Stating that a tax increase would hurt both the retired and low income communities already struggling with the floundering economy, Roeske asked the board to find a way to circumvent the county’s financial problems without increasing the ad valorem tax rate.

“When property values and car tags go down, that means the economy probably isn’t in the best shape,” Roeske told the board. “You guys have to find a way to decrease spending rather than raise taxes.”

Roeske also took issue with the amount of money being requested by the school district. Using some simple math, he deduced that Itawamba County taxpayers are spending $7,777 per student, per year — approximately $187,000 per classroom of 24 students.

“Don’t get me wrong, I’m all for education,” he said. “But that’s a lot of money. I think there’s got to be a way to readjust this so that our kids can get the best education they can, but without the expense.”

Roeske came armed with what some may view as a controversial suggestion for generating tax dollars:

“Let’s invent a new tax; it’s called an ‘alcoholic beverage tax,” he said, suggesting the board do away with beer and liquor ban. “Allowing the sale of alcohol in Itawamba County … would definitely bring in a lot of tax money and the only people who will end up being taxed heavier are the people buying alcohol.”

Touting that allowing the sale of alcoholic beverages would bring in both new businesses and residents, Roeske said too many tax dollars are lost to surrounding cities without alcohol laws.

“People go to Tupelo now to buy whatever they want to drink,” he said. “All that money leaves our county; all that sales tax goes to Tupelo when it could stay here.

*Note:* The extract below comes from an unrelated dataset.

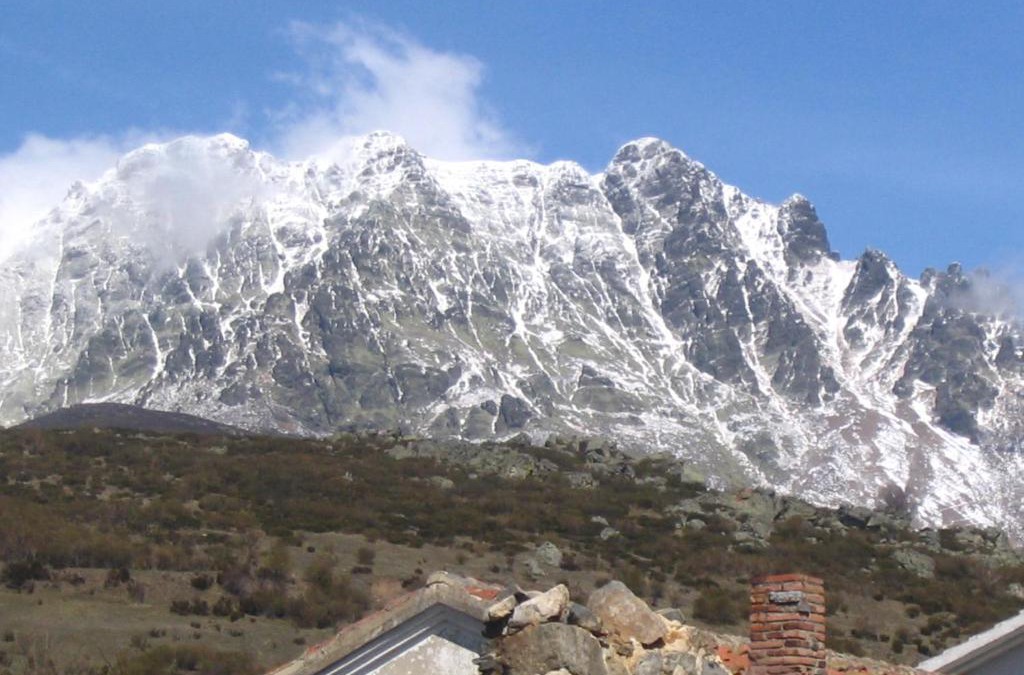Triollo Hotel | Hostal Asador La Montaña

“I know there are a lot of what people might think are down’s to this … but it’s not going to increase the drinking problems of Itawamba County,” Roeske added. “If there’s a problem, it’s already here. The people just drive to Tupelo to buy it anyway.”

Although supervisors sympathized with Roeske, they claimed there was little they could do to avoid a tax increase, especially in light of the school’s district’s request for a tax increase.

“The assessed value of the county went down, which means a mill of tax won’t bring in as much as last year,” Holley said, adding that this loss in ad valorem dollars is gut punch to an already reeling budget. “If we have a shortfall, we’ve got two options: Decrease spending or raise taxes.”

Holley added that he believes the county budget has been cut to the bone.

Additionally, the board told Roeske that even if alcohol were legalized, the county’s general fund would see none of the additional sales tax dollars.

“All that sales tax goes to the state,” Holley said. “Counties don’t get that.”

The board will vote on the 2011-2012 budget — and any tax increases it may entail — in September.